Baby LLaMA 2 Optimization for Duo (Kids Book Read Aloud)

Index:S2311

Award:20000Chinese Yuan

Challenge Description

It is a feat to get Baby LLaMA 2 running on small development boards like the Milk-V Duo. This challenge aims to improve Baby LLaMA 2 performance on Milk-V Duo, as assessed by tokens processed per second. The participant will make use of lightweight techniques and compiler optimization principles to develop a story-telling robot with support for microphone and command-line input. The demo should output robotic voice via speakers.

Rubrics

Submissions will be evaluated based on both accuracy and performance, each submission will be given the same input and assessed based on reference testsuites for accuracy and performance.
Accuracy will be assessed based on a delta difference between submitted output and reference output, evaluating the application of optimization techniques and their effect on the accuracy of model inference. Performance will be assessed based on the number of tokens processed per second.
Time elapsed during Text-to-Speech (TTS) computation.
The host will assess both accuracy and performance and assign scores to each submission based on a predetermined weighted scale. The highest scoring submission wins.

Submission

Please submit your completed project at https://github.com/plctlab/rvspoc-s2311-llama2 as a pull request.
Please outline the software environment needed to run your submission in your pull request body.
During the competition, all optimised artifacts may be submitted as the following:
1. Binary files.
2. Encrypted code (please send decryption details to rvspoc@cyberlimes.cn).
3. Source code.
After the results are announced, you will need to publish source code for all submissions.
The committee will close pull request submissions after the challenge’s run time (on ~~February 16~~February 29, 2024) and commence assessment of submissions.

Assessment

The assessment platform for this challenge is Duo (64MB model).
- We will use a specific microSD (TF) card for assessment.
- Swap usage is not recommended.
- No overclocking will be applied.
- No additional cooling will be provided.
We do not limit the operating systems used on the Duo.
Baby Llama 2’s repository can be found at https://github.com/karpathy/llama2.c.
Participants must submit:
- An SD card system image for the Duo board.
- Regression test pass rate and detailed testing results.
- Performance test pass rate and detailed testing results.
- Testing challenge and OpenCV runtime library, testing procedures and instructions, and scripts.
The committee will benchmark and average the results from the following software configuration, running on the hardware platform as outlined in item 1, as a baseline for assessing the optimized submissions:
1. Baby Llama 2 binary built from unedited C files using -Ofast.
2. Official cross compiler toolchain provided by Milk-V (version to be announced).
3. Default Milk-V Duo system image (version to be announced).
4. Identical input and parameters (to be announced).
5. Large Language Model files used are as follows:
  - We will use the 15M model in the Baby Llama 2 repository (pure FP32 model) for pure FP32 inference (run.c).
  - SHA-256 checksum：cd590644d963867a2b6e5a1107f51fad663c41d79c149fbecbbb1f95fa81f49a
Correctness assessment: As we will be using a specific input (with a specific seed), the output should be consistent across different runs.

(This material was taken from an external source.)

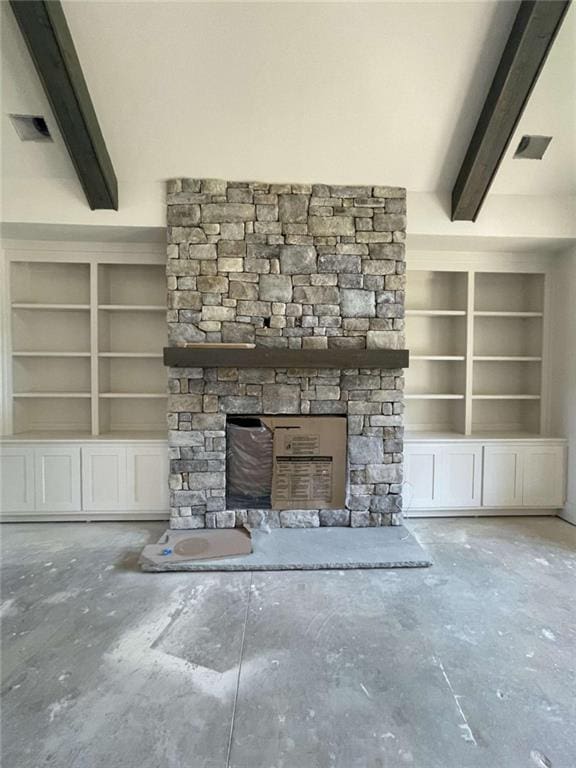 1210 Askew Trl, Greensboro, GA 30642 - unfurnished living room featuring beam ceiling, visible vents, concrete flooring, and a stone fireplace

The committee will therefore compare the output with the run.c binary generated, as outlined in item 4. Any discrepancies will be assessed in accordance with common human grammatical language - correct grammar will not be penalized (penalties for incorrect grammar are to be decided).
Performance assessment: All submissions will be run 30 times. The results will be taken average after removing the significant highest and lowest scores.
If the text-to-speech (TTS) feature is implemented, extra credits will be awarded based on completeness of implementation (the amounts of extra credits are to be decided).
The final assessment will contain remarks on each assessment items.
The details of the challenges may change during the competition as we optimise and clarify the rubrics and instructions. Please keep an eye out for updates. The assessment committee reserves the right to final interpretation of all rubrics and instructions.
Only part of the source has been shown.